I'm curious more than anything here as I know orchids have these complicated pollination mechanisms with imitation and pollinia as they don't even produce lots of nectar to attract pollinators so there isn't even that small cost to the plant.


----------



## Ray (Jun 27, 2020)

My thinking leans towards Ed's. If you're going to cut spikes to conserve energy, do so as soon as they emerge, so no resources will be wasted on further development.


----------



## southernbelle (Jun 27, 2020)

MaxC said:


> Today's victims were two besseae frma. flavums, a good clone of fischeri and an awarded Jason Fischer.
> 
> Aside from a handful of my phrags eveything is on the chopping block until reaching a decent number of mature growths.
> 
> ...


You made me so sad at first because I, so, felt your pain.... I'm glad that you only lost the flowers!! I believed you had killed the plants because I'm working on killing my second Jason Fischer (one from OL and one from Woodstream) and I have 2 besseae flavums I am praying over daily (one is a division of Bill's awarded one, and one is a small seedling from Tom) !!! I think I've figured out they did not like my grow room summer high of 84 (sometimes 86), so I've moved them up to a temperate part of the house with good light and they do seem to be happier. They would grow beautifully and robustly, then flower, then decline and rot/die. Anyway, if the new system doesn't work, I may get out of phrag culture.


----------



## MaxC (Jun 27, 2020)

southernbelle said:


> You made me so sad at first because I, so, felt your pain.... I'm glad that you only lost the flowers!! I believed you had killed the plants because I'm working on killing my second Jason Fischer (one from OL and one from Woodstream) and I have 2 besseae flavums I am praying over daily (one is a division of Bill's awarded one, and one is a small seedling from Tom) !!! I think I've figured out they did not like my grow room summer high of 84 (sometimes 86), so I've moved them up to a temperate part of the house with good light and they do seem to be happier. They would grow beautifully and robustly, then flower, then decline and rot/die. Anyway, if the new system doesn't work, I may get out of phrag culture.

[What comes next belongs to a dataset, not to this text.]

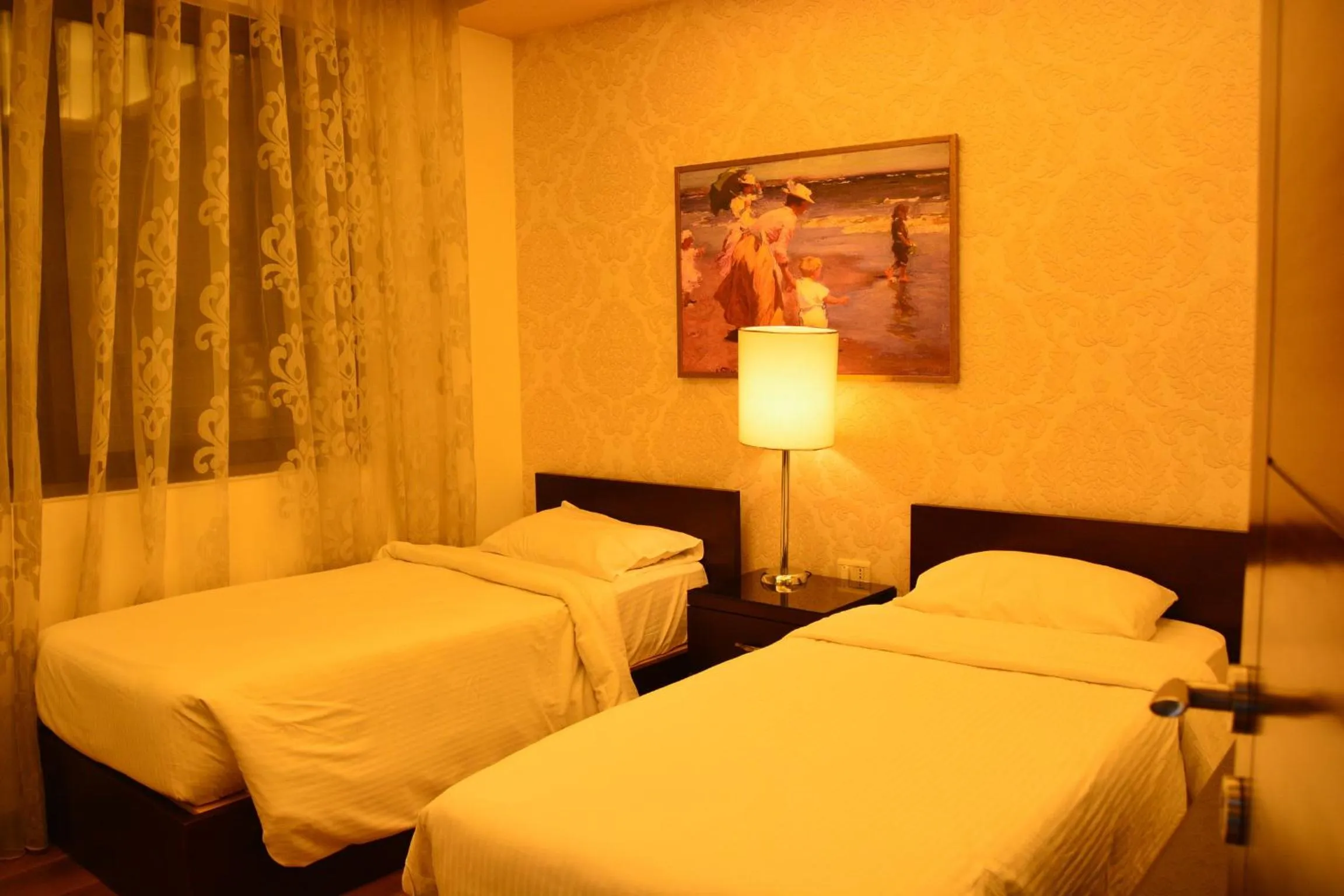 Bed in Nadine Hotel Suites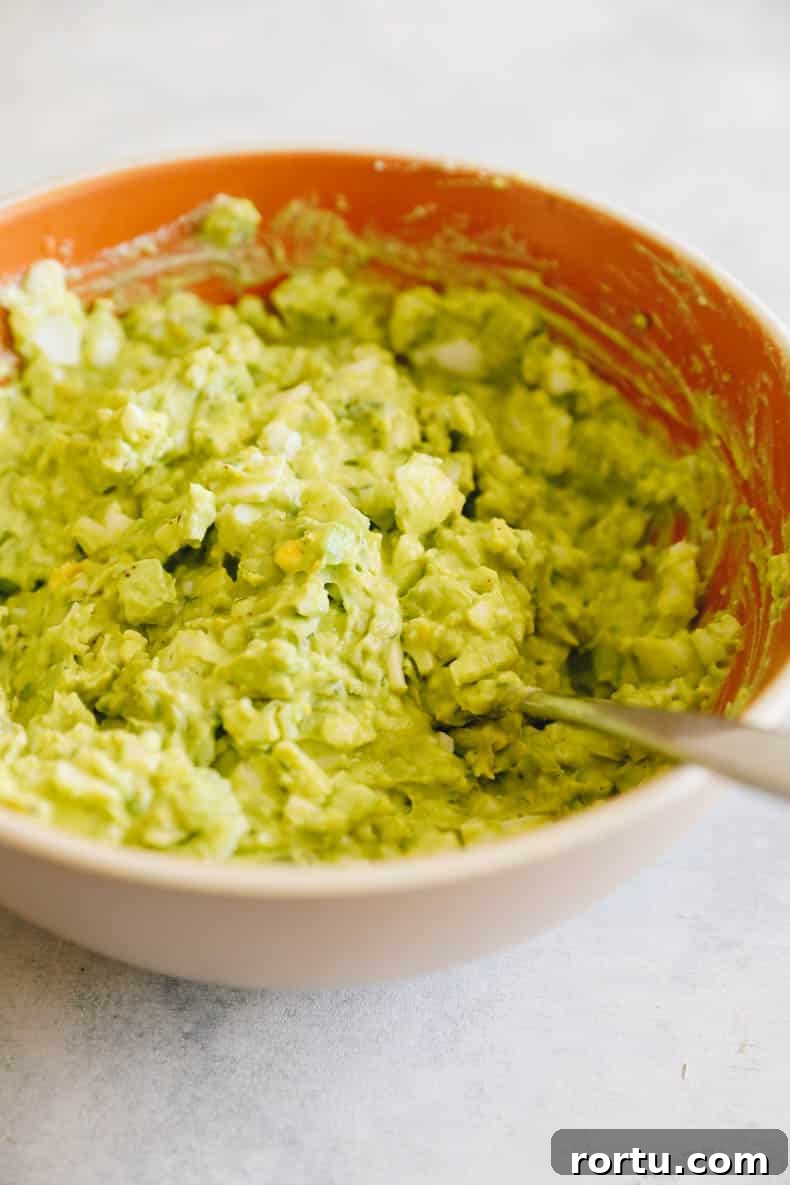 Creamy Avocado Egg Salad Recipe for Quick Lunch or Brunch 5 avocado egg salad in a large brown bowl with a spoon.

Only a few hiccups since I started growing phrags. Most of those have been pre-existing conditions with Ebay purchases. Thankfully ST has been an excellent resource after a near 2 decade break from orchid growing.

I meant to ask how your plants are doing with the cooler temps. Those are fantastic plants and I am hoping you can make a recovery.


----------



## abax (Jun 27, 2020)

Max and Tony, y'all are ruthless! I couldn't do that unless the plant
was in distress. Ruthless I tell you...ruthless! ;>)


----------



## monocotman (Jun 28, 2020)

I agree with Max to a certain extent. I cut off new buds as soon as I see them develop on single growth phrags. Not that I get that many.
I also cut off flowering shoots after a single flower has opened from new seedlings flowering for the first time on two or maybe three smaller growths.
If a phrag is not mature I will tend to cut the spike well before it dies, after a few flowers, just to get it growing again.
The aim is to get the plant to maturity as quickly as possible and to do that I need to restrict flowering. Only then do I let the plant flower normally,
David


----------



## MaxC (Jun 28, 2020)

I think the discussion is regarding paphs and benefits to cutting spikes for nonsequential blooming plants.

My plants are all phragmipediums and sequential bloomers, all with new growths, new roots/growing tips.

Knowing my divisions won't show full flower potential on a smaller plants, those spikes get cut as @Ray mentioned well before blooming. 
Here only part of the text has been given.